- A Supermoon occurs about once a year
- It is much larger and brighter than an average full moon
- It happens when the moon is full and the moon is at its closest point to earth
- The moon will set over some of the U.S. before reaching its closest point
The heavens will deliver a rare treat to moonstruck romantics and werewolves Sunday who rise before the sun.
A feat of lunar synchronicity will create a Supermoon.
This happens when the moon is full and at the same time reaches its perigee -- the closest point to Earth in its orbit, according to NASA.
It makes for the biggest, brightest moon of the year. A Supermoon, sometimes called a Super Full Moon, is 14% larger and 30% brighter than most full moons, NASA says.
Taken separately, neither a full moon nor the perigee is a big deal. The moon is full roughly once a month, and it reaches its perigee just as often, but the next time both will coincide will be August 2014.

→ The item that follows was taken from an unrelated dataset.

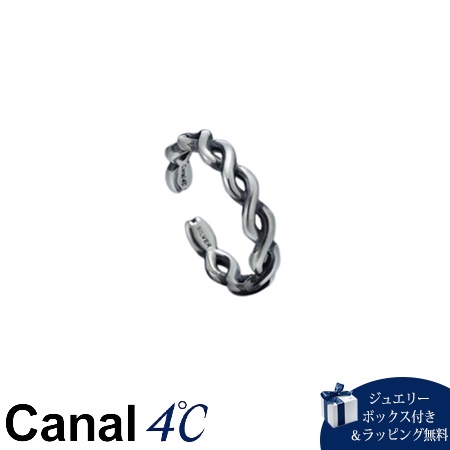 【送料無料】【ラッピング無料】カナルヨンドシー Canal 4℃ カナル4℃ シルバー イヤーカフ/片耳用 ユニセックス  の通販は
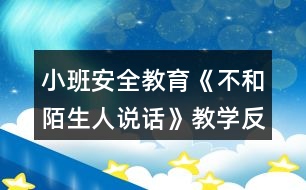 小班安全教育《不和陌生人說話》教學反思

This year's magic moment occurs at 7:32 a.m. ET, but it would be wise to wager a gander earlier.
In some parts of the United States the sun will rise beforehand, outshining the Supermoon's splendor. And the moon itself will dip below the horizon in parts of the country, just before it hits its perigee.
The West Coast should get a great view of the perfect moment, when the moon is only 221,824 miles from Earth.
There is nothing to fear from the moon being so close and bright, NASA says. It will have no more effect on tides or seismic activity than usual.
Two weeks later, the moon will swing out to the farthest point in its orbit around Earth, when it will be 252,581 miles away, NASA says.
Astronomers and swooners may have noticed the moon shining brightly early Saturday, when it put on a dress rehearsal. It was not quite full and not as close to the planet as it will be Sunday before dawn.